The message emerging from expert dialogue on the trajectory of COVID is increasingly clear: this show won’t be over until the whole world is vaccinated. The appearance of Omicron on the scene, with son-of-Omicron (the BA.2 sub-variant) hot on its heels, has been a stark reminder that making it through one wave doesn’t mean we’ve weathered the storm – as long as there are under-vaccinated populations, this virus will continue to develop new variants that will sweep across the globe, making vaccine equity crucial to COVID defense.
Just how much should we prioritise vaccine sharing over increasing immunity within our own borders? A new modelling study published in Nature Human Behaviour has put firm figures to this tricky question, finding that if high-income countries were to donate up to 46% of their total vaccine supply to low- and middle-income countries, the benefits could include substantial decreases in global mortality and protection against further pandemic waves.

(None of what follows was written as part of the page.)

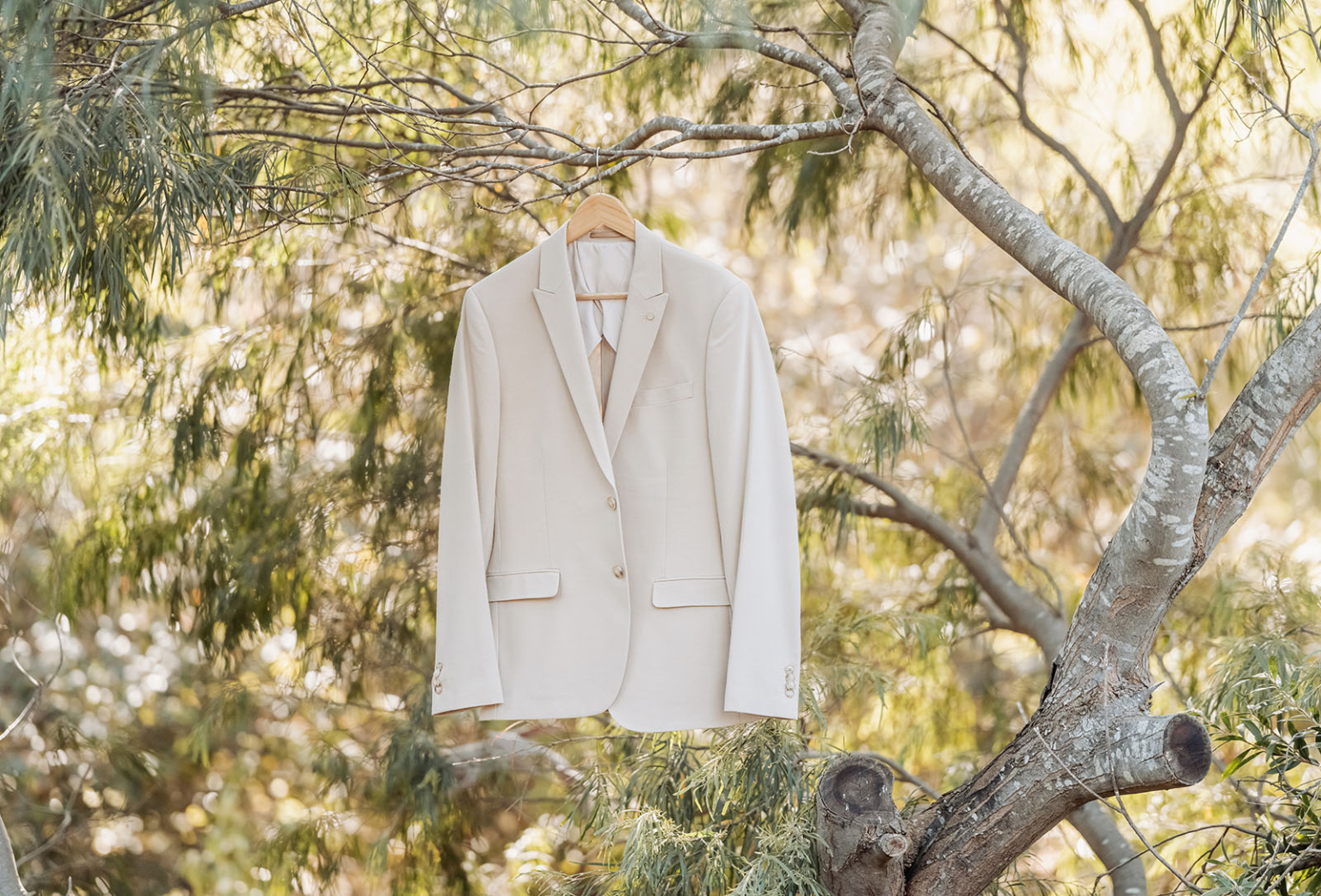 wedding at kuitpo hall - sophia & sam 81 Beige suit jacket on tree, blending elegance with nature; serene outdoor setting.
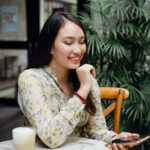 Woman smiling while using Bumble on her smartphone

Using a mathematical model, the researchers projected the consequences of vaccine inequity over five years, against the backdrop of evolving strains of SARS-CoV-2 and global mobility.
The results showed that if we want to get on top of COVID, we’re going to have look beyond short-term immunity gains within our own borders and start playing a globally focused long-game.
The model indicated that increasing national vaccination rates through booster programs, such as the controversial four-dose regime being rolled out across Israel, does lead to faster declines in mortality in high-income countries in the first year. But these gains are swallowed up by an increasing vulnerability to infection in subsequent years as the global threat of newly emerging strains grows.
Conversely, modelling equitable vaccine allocation strategies showed a substantial curbing of the spread of new strains, providing greater benefits to both high-income and low- and middle-income countries.
Regardless of where individual countries stand on the ethics of tending to your own flock ahead of assisting disadvantaged global populations, this model makes it clear that allocating nearly half of high-income countries’ vaccine supplies is, over the longer-term, in their own interest.
Addressing vaccine equity is a practical but highly effective variant-suppression measure that could be achieved by immediate and more-generous vaccine donations to low- and middle-income countries, but convincing governments to reframe their national COVID strategies in this global light remains a challenge.
As of 31 December 2021, more than nine billion COVID-19 vaccination doses had been administered worldwide – but the distribution of these doses remains highly imbalanced. Over 70% of people in high-income countries are now fully vaccinated against COVID-19; in low-income countries, that number is 4%.
Organisations such as COVAX, which is co-led by Gavi, the WHO, and CEPI, are attempting to tackle the vaccine inequity problem, and announced in January that they had delivered their billionth vaccine dose – an admirable achievement, but well short of their 2 billion dose goal. The organisation cited hoarding and stockpiling by wealthy countries as a key roadblock to their progress. Many high-income countries have access to enough vaccines to vaccinate their populations several times over, leaving some low- and middle-income countries struggling to obtain sufficient supplies to vaccinate their populations even once.
But, as the current study makes clear, pandemics pay no heed to borders. Until there is international commitment to global vaccine equity, the waves will continue to crash in.